What appears from the first line of the data below through the line containing "5м светодиодная лента", both included, should be copied exactly, and nothing else.

══════

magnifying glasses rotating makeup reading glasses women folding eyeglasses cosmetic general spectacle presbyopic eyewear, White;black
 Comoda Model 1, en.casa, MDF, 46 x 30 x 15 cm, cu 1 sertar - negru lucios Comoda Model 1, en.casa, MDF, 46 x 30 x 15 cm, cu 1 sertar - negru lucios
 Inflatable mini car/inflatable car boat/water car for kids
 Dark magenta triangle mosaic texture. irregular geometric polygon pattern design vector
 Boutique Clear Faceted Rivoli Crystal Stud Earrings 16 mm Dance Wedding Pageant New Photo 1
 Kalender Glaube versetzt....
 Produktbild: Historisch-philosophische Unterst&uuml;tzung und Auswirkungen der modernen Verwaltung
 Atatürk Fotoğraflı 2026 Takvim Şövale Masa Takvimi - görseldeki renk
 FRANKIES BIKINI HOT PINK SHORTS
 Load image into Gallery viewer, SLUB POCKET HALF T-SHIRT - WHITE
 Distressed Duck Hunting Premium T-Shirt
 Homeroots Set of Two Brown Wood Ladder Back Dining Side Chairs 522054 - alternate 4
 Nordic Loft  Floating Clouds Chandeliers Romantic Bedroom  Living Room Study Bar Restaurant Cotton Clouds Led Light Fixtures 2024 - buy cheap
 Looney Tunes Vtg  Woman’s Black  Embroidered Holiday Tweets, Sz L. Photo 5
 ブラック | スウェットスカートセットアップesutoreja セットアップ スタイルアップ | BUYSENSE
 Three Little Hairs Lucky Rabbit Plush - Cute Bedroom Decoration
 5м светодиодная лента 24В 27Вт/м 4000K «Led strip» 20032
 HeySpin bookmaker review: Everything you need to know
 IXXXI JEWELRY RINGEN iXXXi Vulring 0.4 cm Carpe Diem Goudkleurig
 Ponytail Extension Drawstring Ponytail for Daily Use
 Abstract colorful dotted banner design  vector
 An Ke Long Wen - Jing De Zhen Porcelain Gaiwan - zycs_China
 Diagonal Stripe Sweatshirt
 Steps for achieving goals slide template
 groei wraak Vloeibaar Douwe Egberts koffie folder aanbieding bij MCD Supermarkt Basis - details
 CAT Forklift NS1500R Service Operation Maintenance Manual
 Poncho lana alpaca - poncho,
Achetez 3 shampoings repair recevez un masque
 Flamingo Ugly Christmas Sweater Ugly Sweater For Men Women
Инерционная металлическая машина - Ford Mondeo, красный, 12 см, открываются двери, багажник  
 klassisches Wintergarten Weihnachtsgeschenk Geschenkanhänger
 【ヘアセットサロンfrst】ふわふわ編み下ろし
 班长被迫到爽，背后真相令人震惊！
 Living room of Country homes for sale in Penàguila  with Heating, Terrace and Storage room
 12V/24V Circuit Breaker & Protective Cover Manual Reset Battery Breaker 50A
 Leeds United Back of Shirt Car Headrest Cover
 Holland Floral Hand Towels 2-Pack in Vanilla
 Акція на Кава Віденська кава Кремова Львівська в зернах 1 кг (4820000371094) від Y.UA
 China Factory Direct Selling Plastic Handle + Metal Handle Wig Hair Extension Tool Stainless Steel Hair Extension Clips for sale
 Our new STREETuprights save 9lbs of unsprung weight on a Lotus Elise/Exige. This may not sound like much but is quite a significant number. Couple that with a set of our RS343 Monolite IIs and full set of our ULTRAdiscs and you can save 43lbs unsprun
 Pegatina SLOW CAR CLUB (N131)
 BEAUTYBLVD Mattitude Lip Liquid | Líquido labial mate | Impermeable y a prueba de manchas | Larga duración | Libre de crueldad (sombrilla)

══════

#### [Answer area]
magnifying glasses rotating makeup reading glasses women folding eyeglasses cosmetic general spectacle presbyopic eyewear, White;black
 Comoda Model 1, en.casa, MDF, 46 x 30 x 15 cm, cu 1 sertar - negru lucios Comoda Model 1, en.casa, MDF, 46 x 30 x 15 cm, cu 1 sertar - negru lucios
 Inflatable mini car/inflatable car boat/water car for kids
 Dark magenta triangle mosaic texture. irregular geometric polygon pattern design vector
 Boutique Clear Faceted Rivoli Crystal Stud Earrings 16 mm Dance Wedding Pageant New Photo 1
 Kalender Glaube versetzt....
 Produktbild: Historisch-philosophische Unterst&uuml;tzung und Auswirkungen der modernen Verwaltung
 Atatürk Fotoğraflı 2026 Takvim Şövale Masa Takvimi - görseldeki renk
 FRANKIES BIKINI HOT PINK SHORTS
 Load image into Gallery viewer, SLUB POCKET HALF T-SHIRT - WHITE
 Distressed Duck Hunting Premium T-Shirt
 Homeroots Set of Two Brown Wood Ladder Back Dining Side Chairs 522054 - alternate 4
 Nordic Loft  Floating Clouds Chandeliers Romantic Bedroom  Living Room Study Bar Restaurant Cotton Clouds Led Light Fixtures 2024 - buy cheap
 Looney Tunes Vtg  Woman’s Black  Embroidered Holiday Tweets, Sz L. Photo 5
 ブラック | スウェットスカートセットアップesutoreja セットアップ スタイルアップ | BUYSENSE
 Three Little Hairs Lucky Rabbit Plush - Cute Bedroom Decoration
 5м светодиодная лента 24В 27Вт/м 4000K «Led strip» 20032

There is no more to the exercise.